╭─ Entries supplied

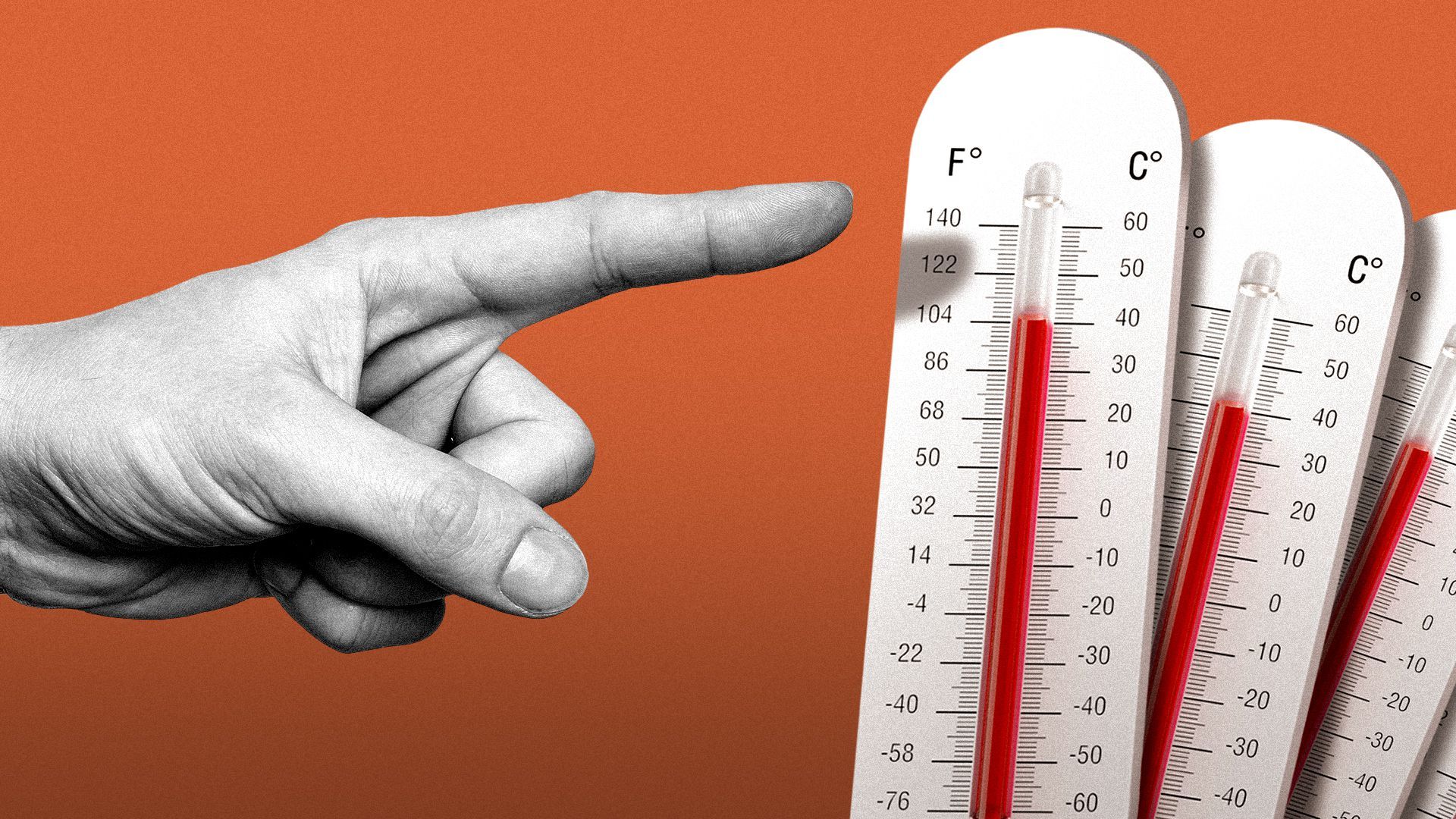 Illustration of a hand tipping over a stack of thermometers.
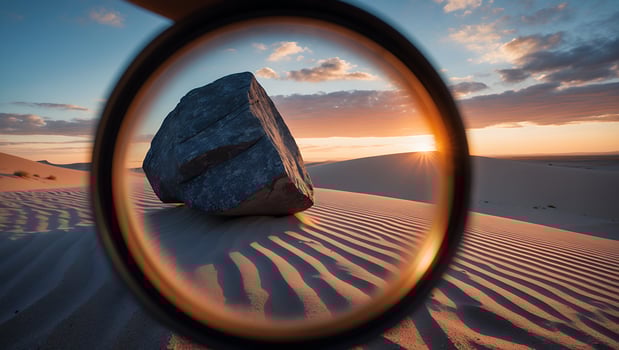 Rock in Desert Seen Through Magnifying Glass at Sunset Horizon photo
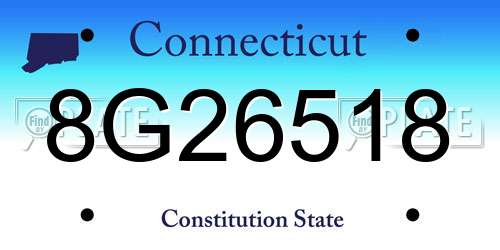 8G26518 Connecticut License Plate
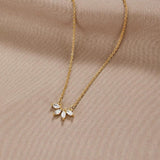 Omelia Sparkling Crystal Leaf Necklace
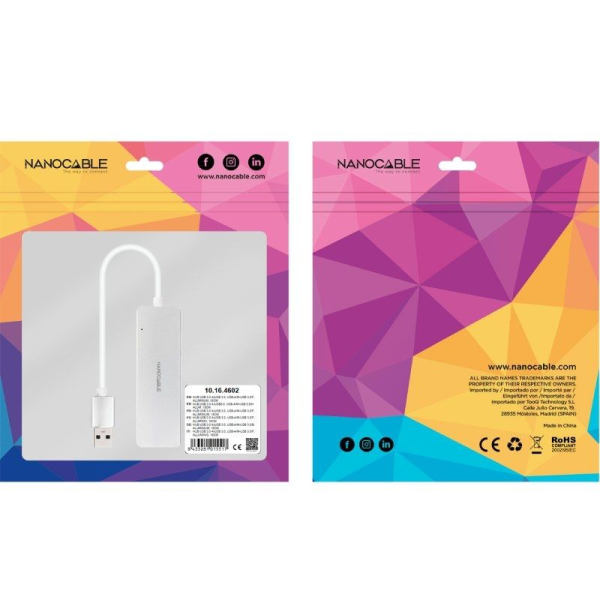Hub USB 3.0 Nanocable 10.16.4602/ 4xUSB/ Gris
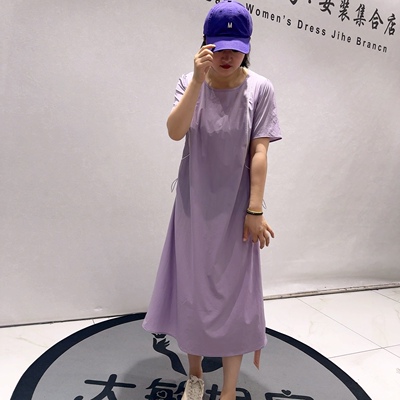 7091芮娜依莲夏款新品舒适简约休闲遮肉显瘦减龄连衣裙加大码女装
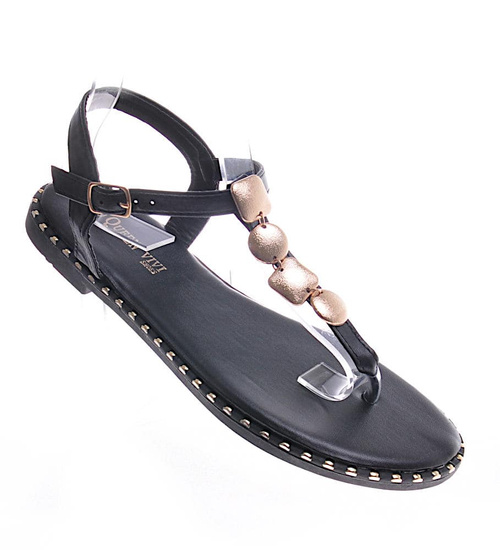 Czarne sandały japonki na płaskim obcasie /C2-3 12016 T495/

╰─

■ **Work to be completed**:
Exactly what appears in the records above must be returned, apart from the pictures.

■ **Task response**:
 Illustration of a hand tipping over a stack of thermometers.
 Rock in Desert Seen Through Magnifying Glass at Sunset Horizon photo
 8G26518 Connecticut License Plate
 Omelia Sparkling Crystal Leaf Necklace
Hub USB 3.0 Nanocable 10.16.4602/ 4xUSB/ Gris
 7091芮娜依莲夏款新品舒适简约休闲遮肉显瘦减龄连衣裙加大码女装
 Czarne sandały japonki na płaskim obcasie /C2-3 12016 T495/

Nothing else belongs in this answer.